**WHAT THE EXERCISE ASKS**: Every entry must reappear in your answer exactly as written, though its pictures must not.

Collection entries

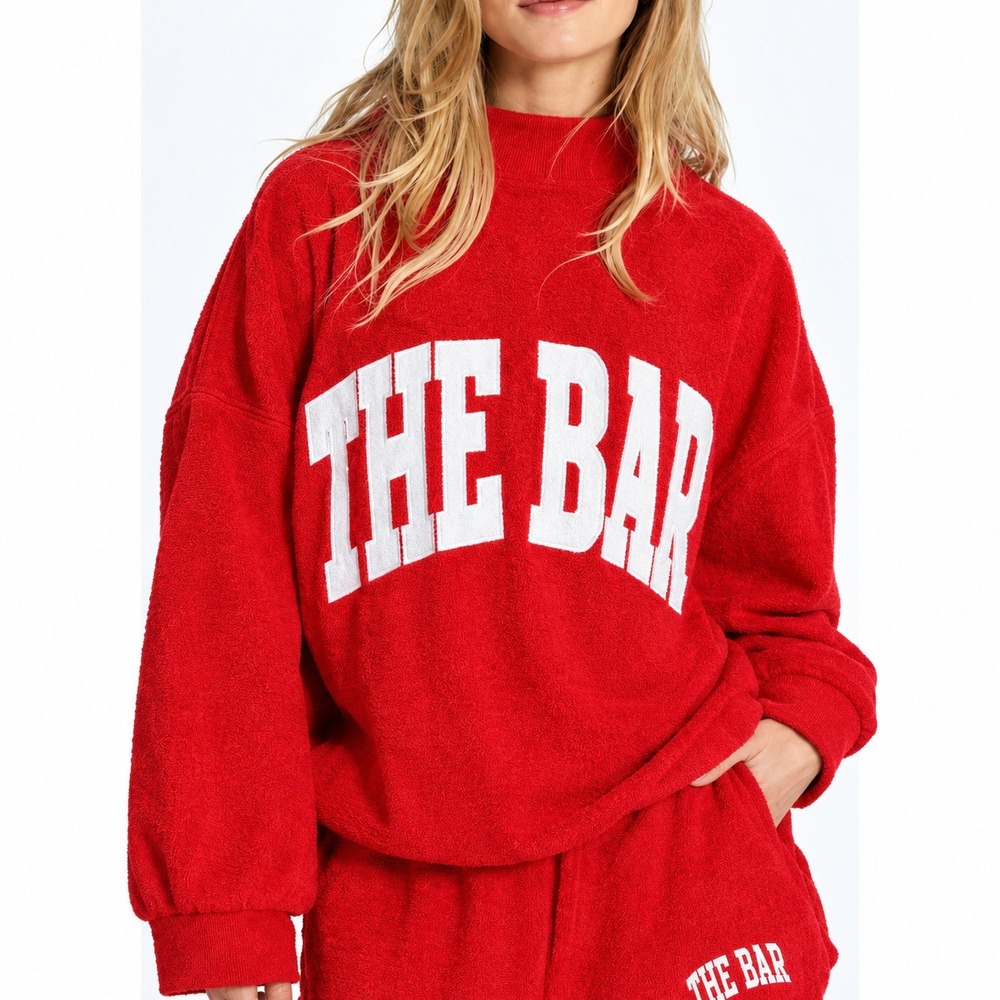 The Bar Terry High Neck Sweatshirt Red White Graphic Logo Cotton Pullover 2XL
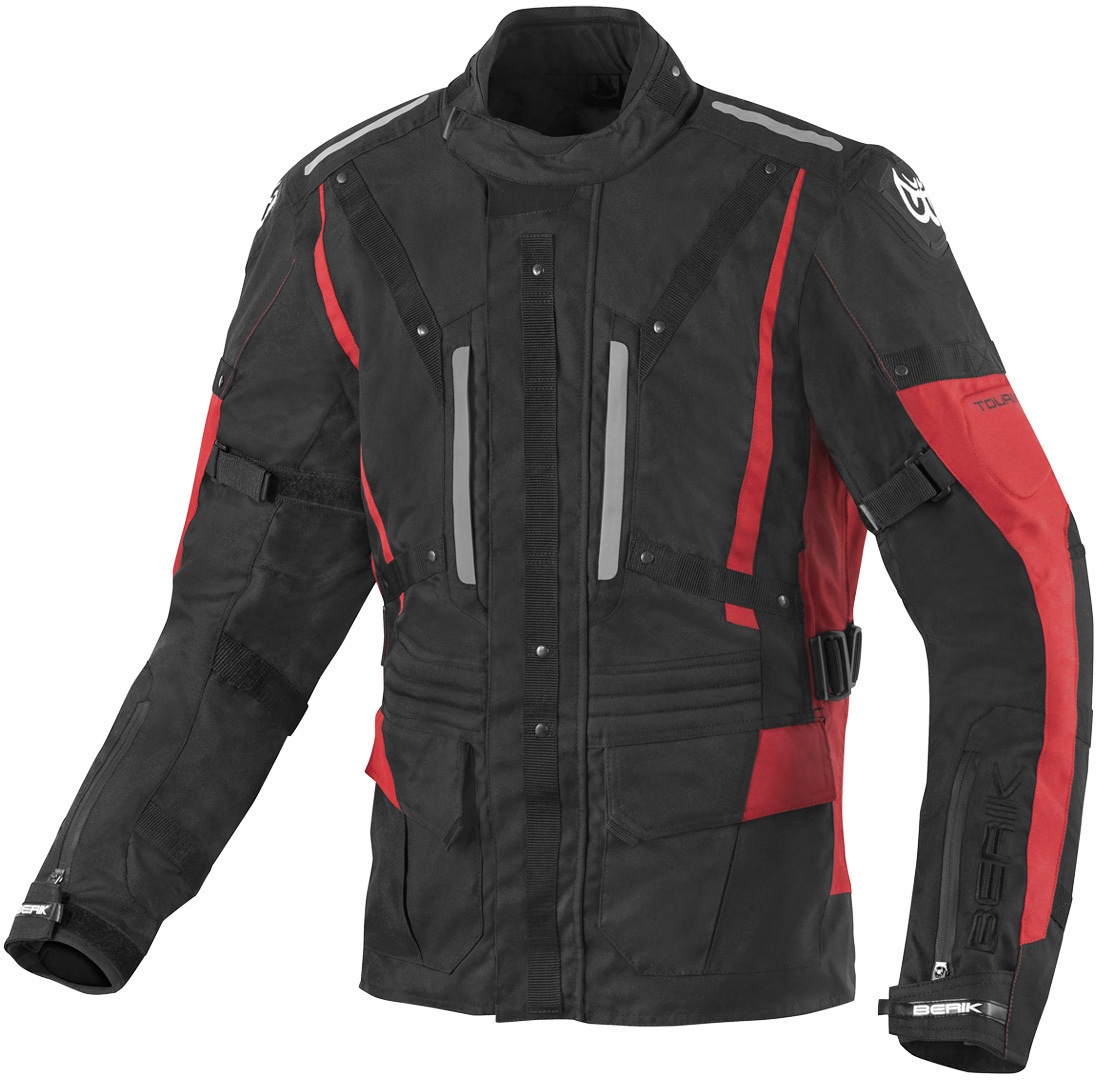 Berik Spencer Waterdichte motorfiets textiel jas, zwart-rood, 52
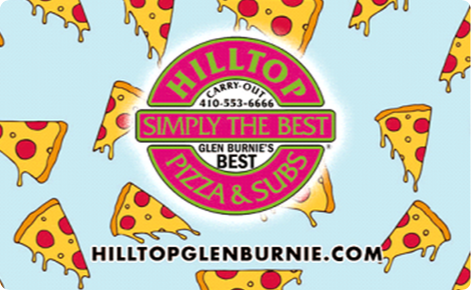 hilltop pizza physical gift card image
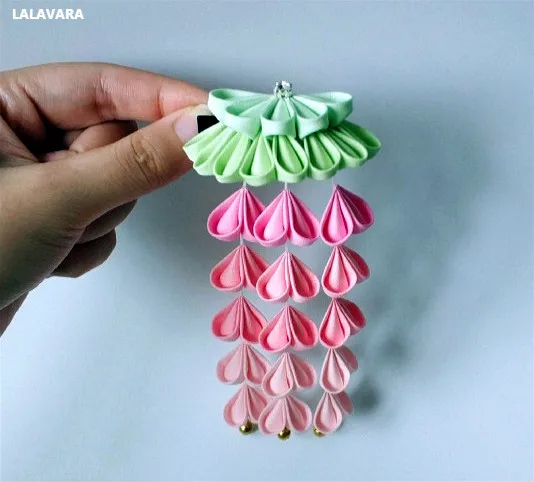 

LALAVARA handmade pink Kanzashi wisteria hair pins flower girls hair accessories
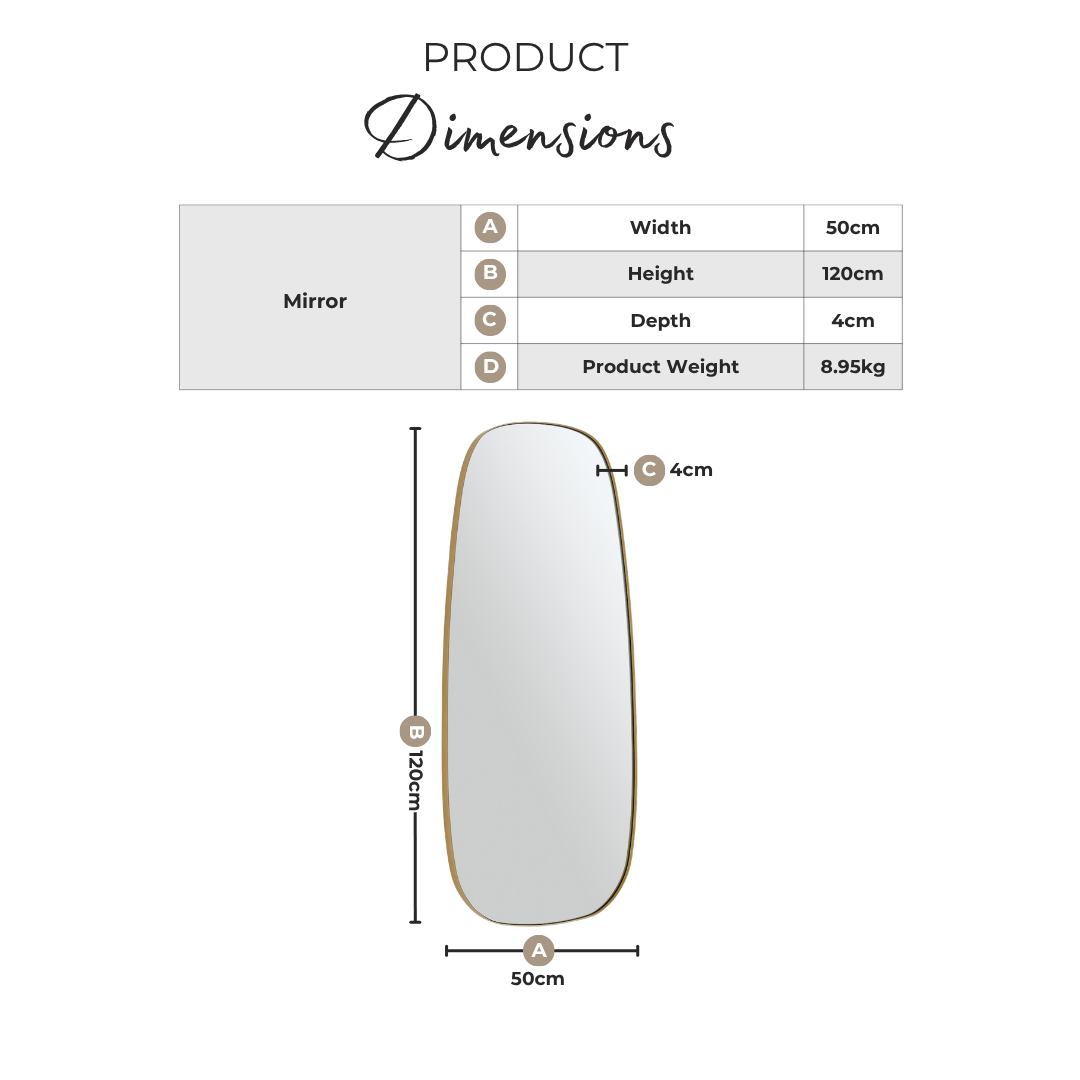 Elodie Black Metal Large 120x50 Pebble Shape Wall Mirror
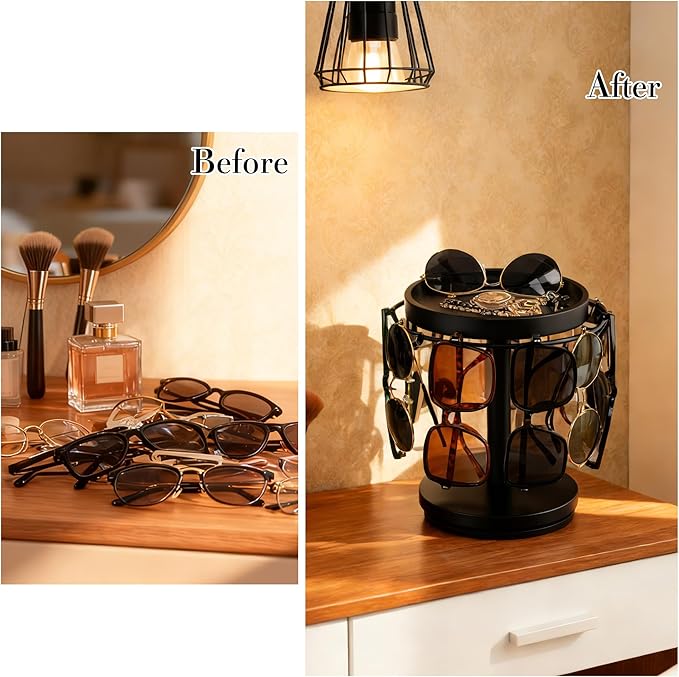 Sunglasses Organizer 360° Rotating Eyeglass Holder Stand with Wood Tray and Base, Eye Glass Display Rack for Multiple Sunglass Storage for Table Dresser Nightstand Desk (Black)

**EXPECTED ANSWER**:
 The Bar Terry High Neck Sweatshirt Red White Graphic Logo Cotton Pullover 2XL
 Berik Spencer Waterdichte motorfiets textiel jas, zwart-rood, 52
 hilltop pizza physical gift card image

LALAVARA handmade pink Kanzashi wisteria hair pins flower girls hair accessories
 Elodie Black Metal Large 120x50 Pebble Shape Wall Mirror
 Sunglasses Organizer 360° Rotating Eyeglass Holder Stand with Wood Tray and Base, Eye Glass Display Rack for Multiple Sunglass Storage for Table Dresser Nightstand Desk (Black)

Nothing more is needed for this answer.